(Data to process begins)

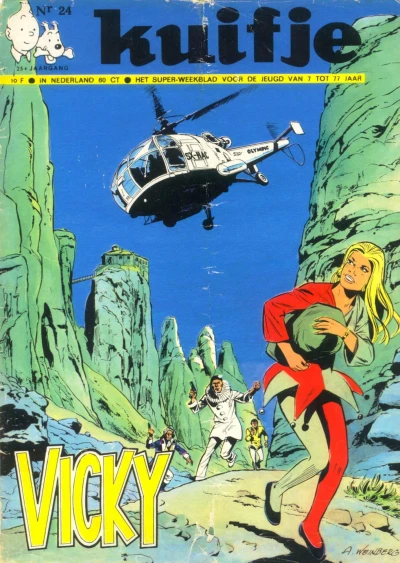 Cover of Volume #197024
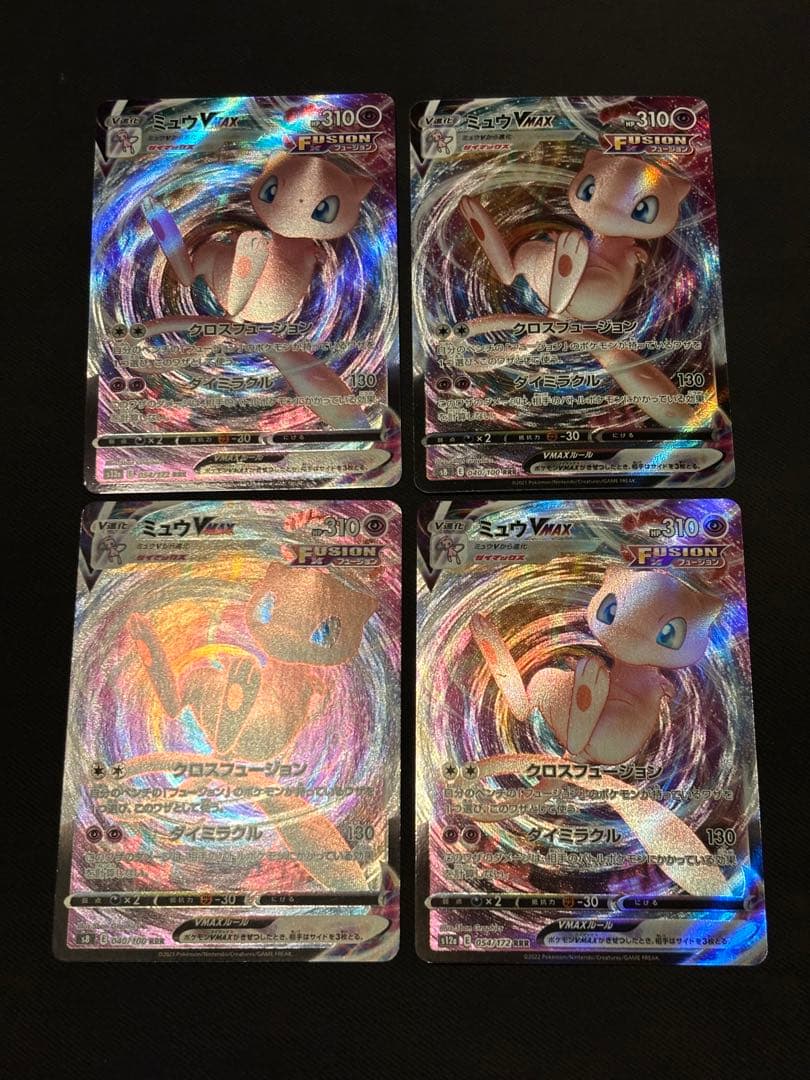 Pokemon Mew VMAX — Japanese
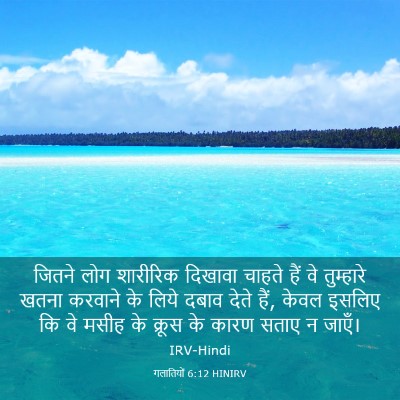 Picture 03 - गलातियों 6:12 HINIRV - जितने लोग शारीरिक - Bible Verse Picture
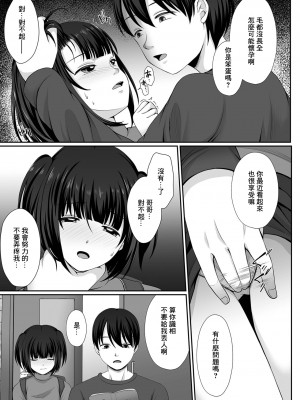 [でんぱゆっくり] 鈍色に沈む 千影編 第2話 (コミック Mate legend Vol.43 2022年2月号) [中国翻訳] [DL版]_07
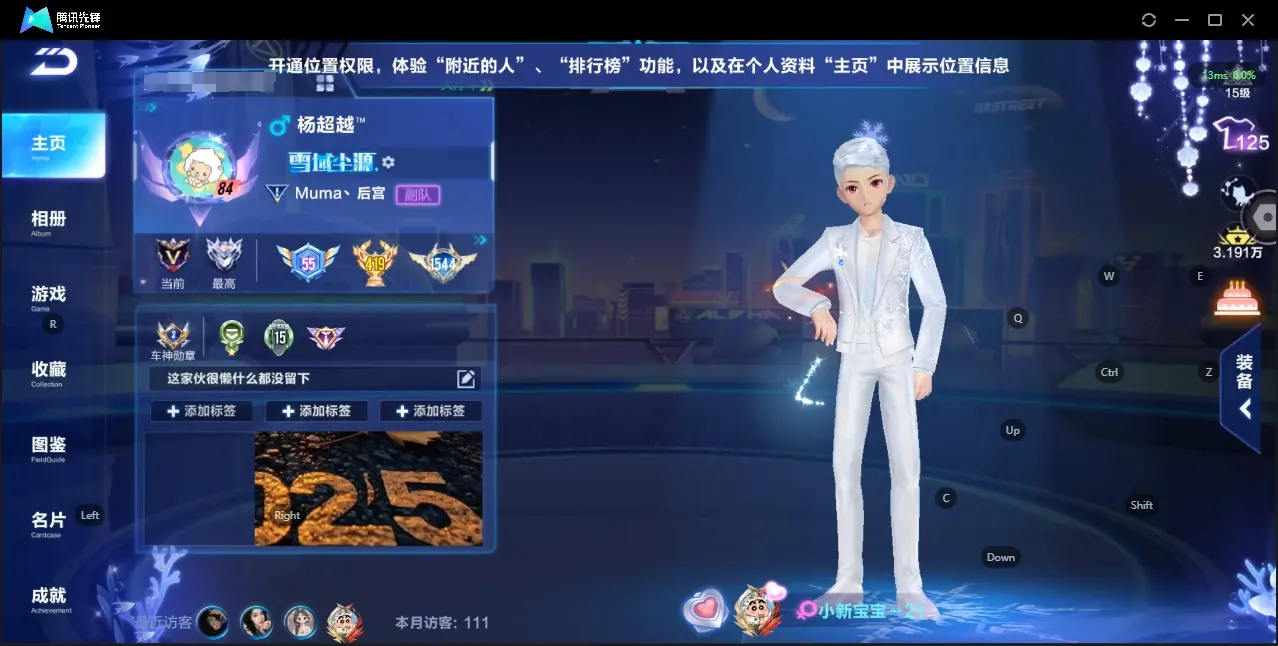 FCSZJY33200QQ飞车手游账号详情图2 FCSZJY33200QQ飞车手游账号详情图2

(Data to process ends)
(Data to process begins)

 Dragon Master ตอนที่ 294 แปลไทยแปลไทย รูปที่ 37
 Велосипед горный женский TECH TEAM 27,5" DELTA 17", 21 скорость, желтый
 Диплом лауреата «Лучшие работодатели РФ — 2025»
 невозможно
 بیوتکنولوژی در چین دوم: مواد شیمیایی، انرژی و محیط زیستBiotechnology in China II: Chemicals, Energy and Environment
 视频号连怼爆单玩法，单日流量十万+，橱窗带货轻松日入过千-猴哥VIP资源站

(Data to process ends)
(Data to process begins)

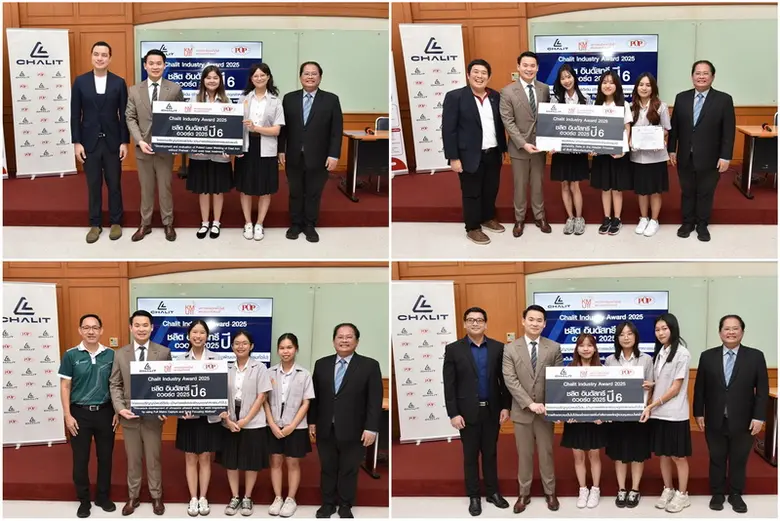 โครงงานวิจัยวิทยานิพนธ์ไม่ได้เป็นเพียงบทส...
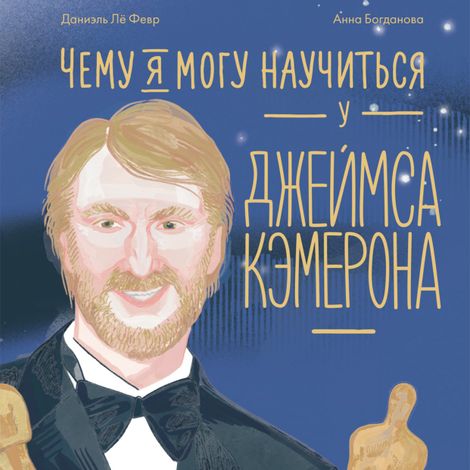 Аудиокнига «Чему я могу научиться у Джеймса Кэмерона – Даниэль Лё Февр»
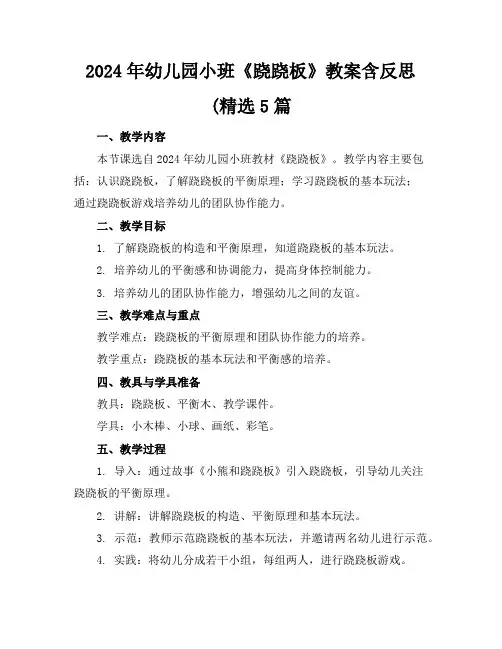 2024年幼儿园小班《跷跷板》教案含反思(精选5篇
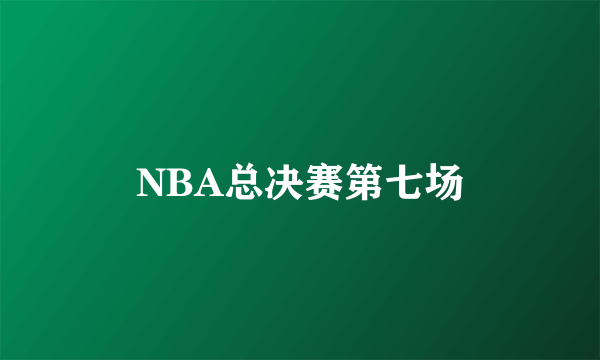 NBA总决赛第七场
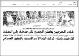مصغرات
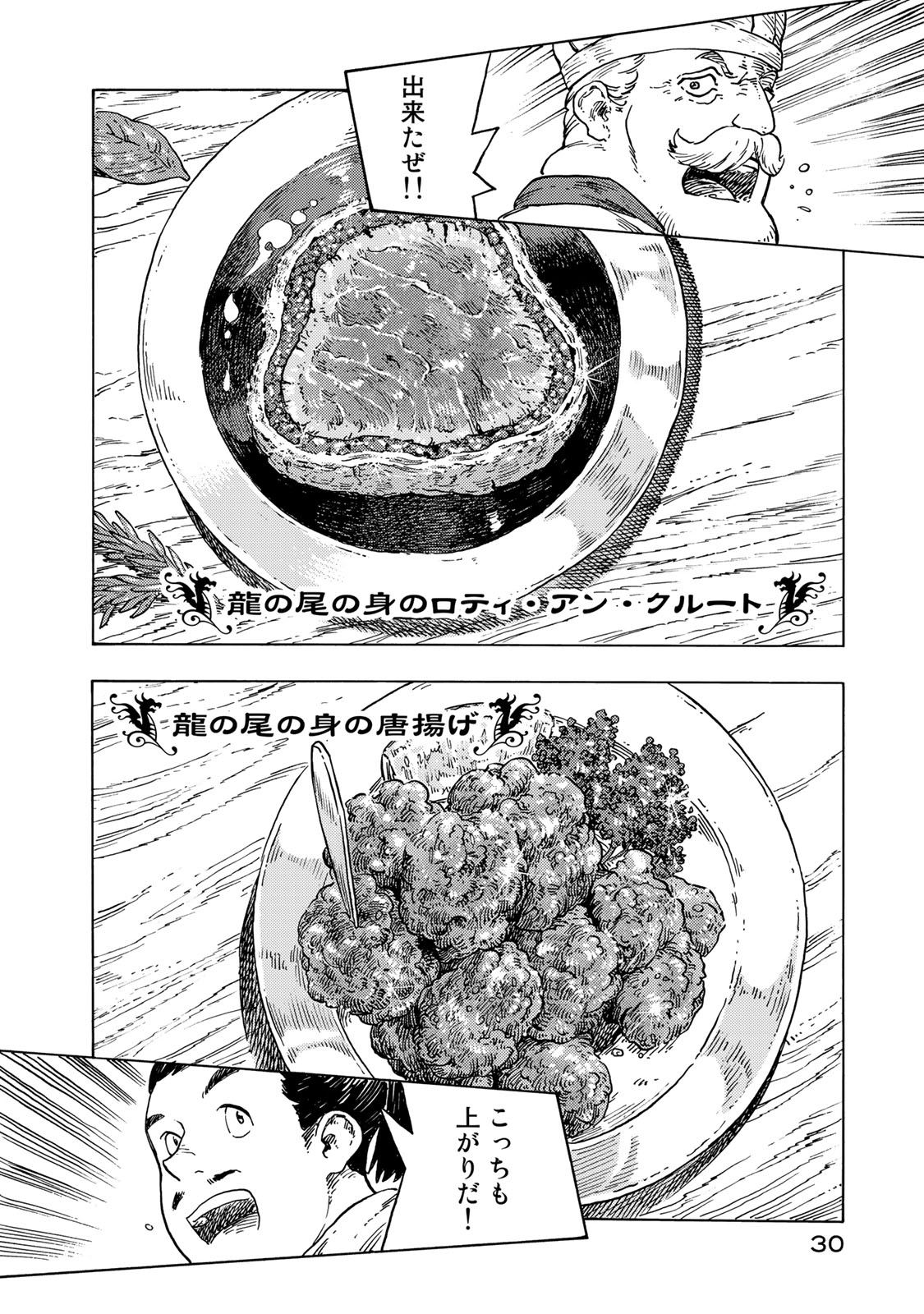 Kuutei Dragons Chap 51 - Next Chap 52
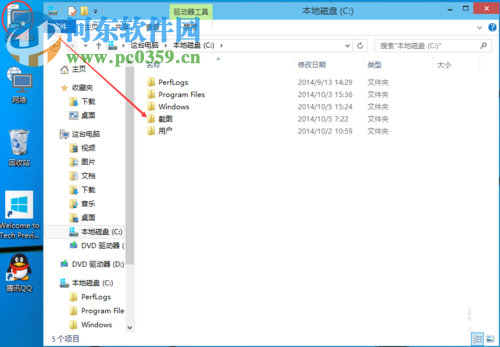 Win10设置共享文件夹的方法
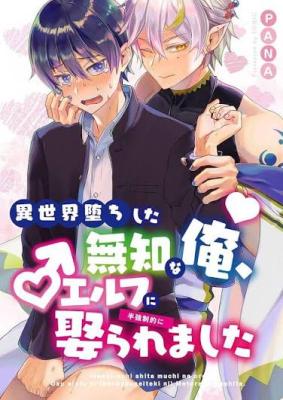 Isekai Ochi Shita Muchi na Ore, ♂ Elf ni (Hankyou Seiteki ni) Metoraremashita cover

(Data to process ends)

What the task requires:
The stretch above running from the line with "2024年幼儿园小班《跷跷板》教案含反思(精选5篇" through the line with "Isekai Ochi Shita" is all you should copy, exactly, leaving out the pictures.

Reply:
 2024年幼儿园小班《跷跷板》教案含反思(精选5篇
 NBA总决赛第七场
مصغرات
 Kuutei Dragons Chap 51 - Next Chap 52
 Win10设置共享文件夹的方法
 Isekai Ochi Shita Muchi na Ore, ♂ Elf ni (Hankyou Seiteki ni) Metoraremashita cover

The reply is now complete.